Top of Records for this exercise

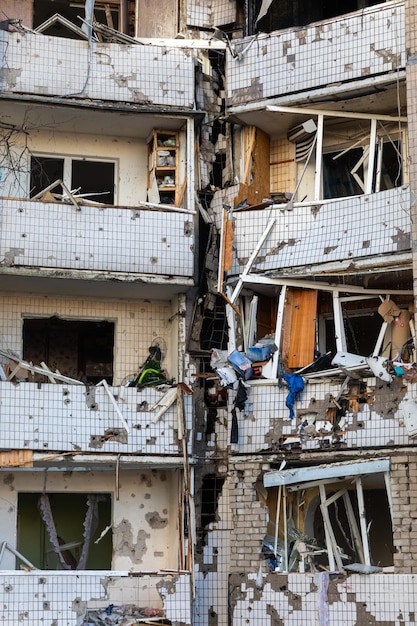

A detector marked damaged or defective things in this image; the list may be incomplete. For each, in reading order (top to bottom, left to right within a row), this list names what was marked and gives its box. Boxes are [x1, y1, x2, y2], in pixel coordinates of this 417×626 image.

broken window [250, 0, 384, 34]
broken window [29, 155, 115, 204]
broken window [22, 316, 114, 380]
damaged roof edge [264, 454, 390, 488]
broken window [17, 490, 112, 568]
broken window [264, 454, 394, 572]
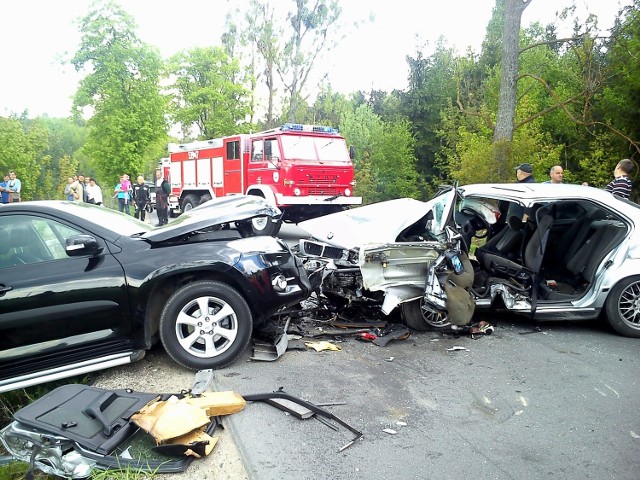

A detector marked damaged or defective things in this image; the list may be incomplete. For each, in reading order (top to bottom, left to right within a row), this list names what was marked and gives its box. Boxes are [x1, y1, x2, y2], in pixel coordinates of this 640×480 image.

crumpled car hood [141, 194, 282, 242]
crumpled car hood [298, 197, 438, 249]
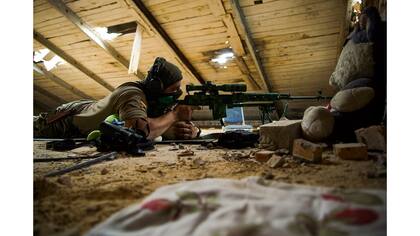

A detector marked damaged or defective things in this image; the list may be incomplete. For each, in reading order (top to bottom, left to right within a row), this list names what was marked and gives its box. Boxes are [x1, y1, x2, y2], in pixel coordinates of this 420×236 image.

Bottom of Records for this exercise

Problem statement: Word for word, write out the whole listing, keeping none of the pictures.

Answer below:
A detector marked damaged or defective things in this image; the list may be incomplete. For each, in reading order (top to bottom, left to right within a row), this list names what was marked and gives its box. Boxes are [x1, y1, x2, y2], in pixel coordinates of this 417×626 image.

broken window [250, 0, 384, 34]
broken window [29, 155, 115, 204]
broken window [22, 316, 114, 380]
damaged roof edge [264, 454, 390, 488]
broken window [17, 490, 112, 568]
broken window [264, 454, 394, 572]

A detector marked damaged or defective things in this image; the list may be incomplete. For each, in reading order (top to bottom, left to right within a row), this list names what was marked and gives its box. Boxes are [x1, y1, x2, y2], in pixel coordinates of this 640×480 image.

crumpled car hood [141, 194, 282, 242]
crumpled car hood [298, 197, 438, 249]

A detector marked damaged or defective things in this image; the list may be incomplete. For each, in reading order (top to bottom, left to right within a row), this list names what was marked and gives its box. Boxes are [x1, y1, x2, y2], in pixel coordinates of this 420×236 image.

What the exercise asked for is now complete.